Nothing before the line containing "Buygo 4 Pcs" should appear; please restate that line and every later line word for word through the end of the listing.

□ □ □ □ □ □ □

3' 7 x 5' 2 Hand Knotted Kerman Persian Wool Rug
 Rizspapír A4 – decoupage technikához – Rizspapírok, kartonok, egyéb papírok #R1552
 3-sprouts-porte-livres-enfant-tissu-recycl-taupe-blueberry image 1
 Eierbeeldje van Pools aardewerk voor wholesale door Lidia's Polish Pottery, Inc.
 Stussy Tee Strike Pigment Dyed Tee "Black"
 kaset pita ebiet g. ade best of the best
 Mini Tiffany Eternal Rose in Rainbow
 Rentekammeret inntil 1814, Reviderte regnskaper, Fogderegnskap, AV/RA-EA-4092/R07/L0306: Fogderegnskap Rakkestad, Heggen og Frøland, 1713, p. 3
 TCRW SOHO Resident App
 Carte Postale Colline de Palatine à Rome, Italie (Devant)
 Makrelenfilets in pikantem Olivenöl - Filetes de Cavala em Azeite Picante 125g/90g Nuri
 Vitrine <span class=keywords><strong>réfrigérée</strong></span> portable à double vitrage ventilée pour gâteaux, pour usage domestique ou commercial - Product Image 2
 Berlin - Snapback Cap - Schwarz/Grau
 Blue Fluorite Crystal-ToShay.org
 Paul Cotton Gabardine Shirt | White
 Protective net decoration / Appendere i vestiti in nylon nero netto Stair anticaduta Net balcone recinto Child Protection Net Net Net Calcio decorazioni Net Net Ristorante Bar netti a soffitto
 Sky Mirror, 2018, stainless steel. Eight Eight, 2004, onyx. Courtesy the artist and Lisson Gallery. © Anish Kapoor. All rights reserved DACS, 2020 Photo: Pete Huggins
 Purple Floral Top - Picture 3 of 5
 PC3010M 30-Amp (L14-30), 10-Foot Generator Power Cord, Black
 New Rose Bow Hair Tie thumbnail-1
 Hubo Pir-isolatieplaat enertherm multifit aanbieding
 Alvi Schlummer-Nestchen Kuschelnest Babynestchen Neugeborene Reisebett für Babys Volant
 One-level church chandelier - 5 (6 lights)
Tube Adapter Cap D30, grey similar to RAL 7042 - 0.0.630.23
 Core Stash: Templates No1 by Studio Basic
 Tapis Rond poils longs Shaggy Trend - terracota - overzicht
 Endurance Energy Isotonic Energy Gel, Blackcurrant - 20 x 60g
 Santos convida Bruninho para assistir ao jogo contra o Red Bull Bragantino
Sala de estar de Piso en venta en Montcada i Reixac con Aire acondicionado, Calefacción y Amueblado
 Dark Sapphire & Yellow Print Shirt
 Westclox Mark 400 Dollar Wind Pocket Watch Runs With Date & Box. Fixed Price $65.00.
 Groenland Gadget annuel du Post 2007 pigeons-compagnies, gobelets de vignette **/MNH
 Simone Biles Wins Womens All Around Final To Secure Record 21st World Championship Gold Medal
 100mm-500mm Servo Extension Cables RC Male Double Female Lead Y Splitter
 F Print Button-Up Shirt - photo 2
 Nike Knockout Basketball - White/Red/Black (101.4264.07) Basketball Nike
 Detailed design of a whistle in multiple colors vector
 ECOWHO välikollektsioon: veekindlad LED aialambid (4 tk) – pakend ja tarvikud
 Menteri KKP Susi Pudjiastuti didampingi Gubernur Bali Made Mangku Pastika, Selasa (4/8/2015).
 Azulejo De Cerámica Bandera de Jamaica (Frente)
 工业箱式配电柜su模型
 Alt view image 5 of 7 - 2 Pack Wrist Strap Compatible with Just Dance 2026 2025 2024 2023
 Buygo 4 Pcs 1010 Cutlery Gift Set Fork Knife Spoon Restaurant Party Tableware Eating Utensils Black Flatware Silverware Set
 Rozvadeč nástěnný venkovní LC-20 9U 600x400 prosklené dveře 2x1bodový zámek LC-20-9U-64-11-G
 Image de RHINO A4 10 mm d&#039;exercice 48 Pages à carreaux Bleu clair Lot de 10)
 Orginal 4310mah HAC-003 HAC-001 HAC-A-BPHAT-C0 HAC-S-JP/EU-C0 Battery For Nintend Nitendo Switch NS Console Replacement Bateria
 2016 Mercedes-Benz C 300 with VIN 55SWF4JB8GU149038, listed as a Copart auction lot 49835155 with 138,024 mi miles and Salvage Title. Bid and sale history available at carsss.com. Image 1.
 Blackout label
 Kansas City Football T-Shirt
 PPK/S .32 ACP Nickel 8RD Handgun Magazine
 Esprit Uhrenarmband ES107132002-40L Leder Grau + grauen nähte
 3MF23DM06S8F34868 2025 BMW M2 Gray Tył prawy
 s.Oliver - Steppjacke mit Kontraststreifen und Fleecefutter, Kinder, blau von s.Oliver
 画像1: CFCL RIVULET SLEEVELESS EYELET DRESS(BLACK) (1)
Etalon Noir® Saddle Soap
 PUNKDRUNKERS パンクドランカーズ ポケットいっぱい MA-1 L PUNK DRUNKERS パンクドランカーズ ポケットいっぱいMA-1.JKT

□ □ □ □ □ □ □

> EXERCISE RESPONSE
 Buygo 4 Pcs 1010 Cutlery Gift Set Fork Knife Spoon Restaurant Party Tableware Eating Utensils Black Flatware Silverware Set
 Rozvadeč nástěnný venkovní LC-20 9U 600x400 prosklené dveře 2x1bodový zámek LC-20-9U-64-11-G
 Image de RHINO A4 10 mm d&#039;exercice 48 Pages à carreaux Bleu clair Lot de 10)
 Orginal 4310mah HAC-003 HAC-001 HAC-A-BPHAT-C0 HAC-S-JP/EU-C0 Battery For Nintend Nitendo Switch NS Console Replacement Bateria
 2016 Mercedes-Benz C 300 with VIN 55SWF4JB8GU149038, listed as a Copart auction lot 49835155 with 138,024 mi miles and Salvage Title. Bid and sale history available at carsss.com. Image 1.
 Blackout label
 Kansas City Football T-Shirt
 PPK/S .32 ACP Nickel 8RD Handgun Magazine
 Esprit Uhrenarmband ES107132002-40L Leder Grau + grauen nähte
 3MF23DM06S8F34868 2025 BMW M2 Gray Tył prawy
 s.Oliver - Steppjacke mit Kontraststreifen und Fleecefutter, Kinder, blau von s.Oliver
 画像1: CFCL RIVULET SLEEVELESS EYELET DRESS(BLACK) (1)
Etalon Noir® Saddle Soap
 PUNKDRUNKERS パンクドランカーズ ポケットいっぱい MA-1 L PUNK DRUNKERS パンクドランカーズ ポケットいっぱいMA-1.JKT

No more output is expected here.